Her ümmetin, her milletin, her toplumun, her topluluk ve cemaatin, her tarikatın, her mezhebin ve her felsefenin, her siyasi partinin ve oluşumun mutlaka bir eceli vardır. Eceli gelince de yeryüzünden zihinlerden akıllardan ve kalplerden silinir gider, kimse mani olamaz. Her eşyanın da bir eceli vardı vakti saati gelince kırılır, yıpranır, eskir bir kenara atılır ve artık kullanılmaz olur. İnsanın eceli gelince ölür.


وَلِكُلِّ اُمَّةٍ اَجَلٌ فَاِذَا جَاءَ اَجَلُهُمْ لَا يَسْتَاْخِرُونَ سَاعَةً وَلَا يَسْتَقْدِمُونَ

7.34 – “Her milletin belli bir eceli vardır. Onların eceli geldi mi, ne bir an geri kalabilirler, ne de öne geçebilirler.”

Eceli geleni Allah bir şekilde bertaraf eder. Ya bir kişiyle, ya bir hastalıkla, ya bir sinekle, ya bir mikropla, ya bir şekilde bir bahaneyle bertaraf eder. “Ecel geldi cihane; baş ağrısı bahane” buna en güzel örnek deyimdir.
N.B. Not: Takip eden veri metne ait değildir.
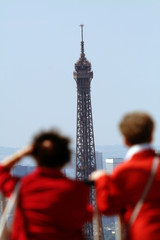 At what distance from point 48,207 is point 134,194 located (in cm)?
73

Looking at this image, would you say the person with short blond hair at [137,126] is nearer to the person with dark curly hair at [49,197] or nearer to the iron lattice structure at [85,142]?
the person with dark curly hair at [49,197]

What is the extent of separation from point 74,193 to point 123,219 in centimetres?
67

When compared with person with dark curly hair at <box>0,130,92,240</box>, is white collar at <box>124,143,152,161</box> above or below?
above

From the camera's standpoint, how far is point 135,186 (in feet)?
24.7

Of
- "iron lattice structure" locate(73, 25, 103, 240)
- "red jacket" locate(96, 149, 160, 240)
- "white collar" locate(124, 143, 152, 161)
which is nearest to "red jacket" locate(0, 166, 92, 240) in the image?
"red jacket" locate(96, 149, 160, 240)

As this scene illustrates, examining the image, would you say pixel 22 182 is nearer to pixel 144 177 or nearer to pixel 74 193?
pixel 74 193

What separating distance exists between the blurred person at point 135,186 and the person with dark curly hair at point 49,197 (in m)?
0.22

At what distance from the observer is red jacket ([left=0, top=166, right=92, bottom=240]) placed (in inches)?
294

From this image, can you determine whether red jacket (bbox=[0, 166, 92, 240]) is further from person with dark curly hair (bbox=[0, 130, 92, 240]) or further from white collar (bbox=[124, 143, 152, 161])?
white collar (bbox=[124, 143, 152, 161])

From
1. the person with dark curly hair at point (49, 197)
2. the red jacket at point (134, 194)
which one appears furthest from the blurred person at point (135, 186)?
the person with dark curly hair at point (49, 197)

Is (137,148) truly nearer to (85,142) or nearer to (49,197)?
(49,197)

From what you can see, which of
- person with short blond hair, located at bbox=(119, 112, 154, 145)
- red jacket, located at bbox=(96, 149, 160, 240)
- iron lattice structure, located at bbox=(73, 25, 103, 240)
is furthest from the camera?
iron lattice structure, located at bbox=(73, 25, 103, 240)

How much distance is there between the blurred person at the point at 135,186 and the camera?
24.4ft

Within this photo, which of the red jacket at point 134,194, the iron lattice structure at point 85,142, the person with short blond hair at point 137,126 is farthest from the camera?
the iron lattice structure at point 85,142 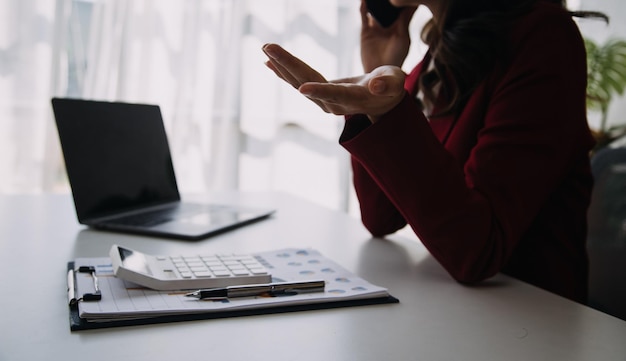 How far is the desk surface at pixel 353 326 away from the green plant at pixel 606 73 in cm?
216

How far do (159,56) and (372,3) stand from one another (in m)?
1.44

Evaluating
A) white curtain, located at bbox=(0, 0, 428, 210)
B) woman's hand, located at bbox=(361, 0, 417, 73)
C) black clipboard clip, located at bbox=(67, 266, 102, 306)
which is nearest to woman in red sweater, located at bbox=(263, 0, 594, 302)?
woman's hand, located at bbox=(361, 0, 417, 73)

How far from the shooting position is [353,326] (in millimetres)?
568

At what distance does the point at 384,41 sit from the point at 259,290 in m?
0.73

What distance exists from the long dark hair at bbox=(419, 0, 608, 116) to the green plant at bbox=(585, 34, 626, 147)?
1855mm

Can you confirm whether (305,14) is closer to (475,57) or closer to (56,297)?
(475,57)

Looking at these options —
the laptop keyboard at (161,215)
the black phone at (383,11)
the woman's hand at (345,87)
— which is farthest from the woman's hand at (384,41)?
the woman's hand at (345,87)

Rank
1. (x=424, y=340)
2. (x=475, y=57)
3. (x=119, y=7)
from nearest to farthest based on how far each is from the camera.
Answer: (x=424, y=340) → (x=475, y=57) → (x=119, y=7)

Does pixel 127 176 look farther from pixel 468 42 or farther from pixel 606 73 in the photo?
pixel 606 73

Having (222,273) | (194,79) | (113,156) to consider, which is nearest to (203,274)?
(222,273)

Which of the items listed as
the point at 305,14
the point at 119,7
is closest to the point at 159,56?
the point at 119,7

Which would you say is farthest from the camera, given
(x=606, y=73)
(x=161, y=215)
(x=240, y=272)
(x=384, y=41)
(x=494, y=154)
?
(x=606, y=73)

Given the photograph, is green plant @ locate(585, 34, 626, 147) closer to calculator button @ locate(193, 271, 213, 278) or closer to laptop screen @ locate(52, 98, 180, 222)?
laptop screen @ locate(52, 98, 180, 222)

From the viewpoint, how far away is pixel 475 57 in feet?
3.05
Bir de başımıza gelen musibetler başka bir nimetin inkişafı için vesile olabilir:

وَمَا اَرْسَلْنَا فٖى قَرْيَةٍ مِنْ نَبِىٍّ اِلَّا اَخَذْنَا اَهْلَهَا بِالْبَاْسَاءِ وَالضَّرَّاءِ لَعَلَّهُمْ يَضَّرَّعُونَ

7.94 – Biz hangi ülkeye peygamber gönderdiysek, (mutlaka ilkin oranın halkını, gafletten uyarsın,) Allah’a yönelip yalvarsınlar diye yoksulluğa, hastalık ve musibetlere duçar ederiz.”